Walking & Acoustics – KOSMOS Summer University Mobility 2013 – Friday

Friday

The final day of our Summer University was full of preparations for the presentation in the evening. We spent some time evaluating our experiences from the experimental interventions and actions in Hackesche Höfe and completed a prototype of the echolocation/electromagnetic detector device.

We synthesized both projects and the walk as well as different approaches to redesigning the auditory channel within the urban signal space from a perspective of walking. While the device enhanced the bodily senses with additional input in a sonified form, the public experimentation treated the shared acoustic sphere as something that can be a means of manipulating walking trajectories and allocating crowds in the urban space. The twofold walk can be seen as a bridge between these two poles. It was a collective experience which also used mediated acoustic information through earplugs. Even in this last part the participants shared movement and experiences because we used splitters and they walked in couples.

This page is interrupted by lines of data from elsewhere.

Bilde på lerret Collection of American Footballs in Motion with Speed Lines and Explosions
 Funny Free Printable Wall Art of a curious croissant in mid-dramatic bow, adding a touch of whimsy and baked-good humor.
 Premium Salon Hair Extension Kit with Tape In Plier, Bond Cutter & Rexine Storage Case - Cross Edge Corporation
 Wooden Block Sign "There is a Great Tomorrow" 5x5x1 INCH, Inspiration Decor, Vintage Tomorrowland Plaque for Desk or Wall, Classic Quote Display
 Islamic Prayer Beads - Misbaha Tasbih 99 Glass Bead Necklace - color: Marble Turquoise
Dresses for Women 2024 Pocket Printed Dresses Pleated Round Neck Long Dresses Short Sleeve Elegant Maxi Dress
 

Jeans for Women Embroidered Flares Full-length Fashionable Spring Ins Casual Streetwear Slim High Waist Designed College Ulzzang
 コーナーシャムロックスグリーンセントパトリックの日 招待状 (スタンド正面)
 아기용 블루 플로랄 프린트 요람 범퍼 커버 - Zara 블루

The preliminary design experiments in Hackesche Höfe didn’t show promising results, but as a first step even this is an important information. In general, people didn’t show pronounced reactions to our added sounds. If they reacted at all, it was just a glance while keeping on walking to identify a possible source of this acousmatic sound. Some minor curious conversations startet though, especially when we placed the sound of a well beneath a pipe for the fire brigade. Without wanting to fall into an audiovisual litany, it must be said that we observed a major primacy of the visual sense with people adjusting their walking and standing to the best possibilities for taking pictures. The sound of a strange alien machine next to them or the recurrent breaking of a vase didn’t seem to come to their attention at all. To be clear, the aim was to use sounds that weren’t language, music nor conventional signals and not merely catching attention because of loudness or extreme strangeness. The latter wouldn’t work for an intentional use in the long run because people would get acquainted to those sounds after passing by a few times.

It will still be exciting to continue these small attempts in the future at another place and with more and different sounds. The specific site is especially crucial because it has to have the right architectural conditions to allow for people to choose different trajectories without the presence of non-sonic effectors that could also be the reason for that.

All in all it was a very interesting and inspiring experience to be part of the Summer University and enjoyed working together in an interdisciplinary group with Sebastian Schwesinger, Sonia Guggisberg, Carla Müller-Schulzke, Uschi Feldges, Christian Kassung, and Holger Schulze.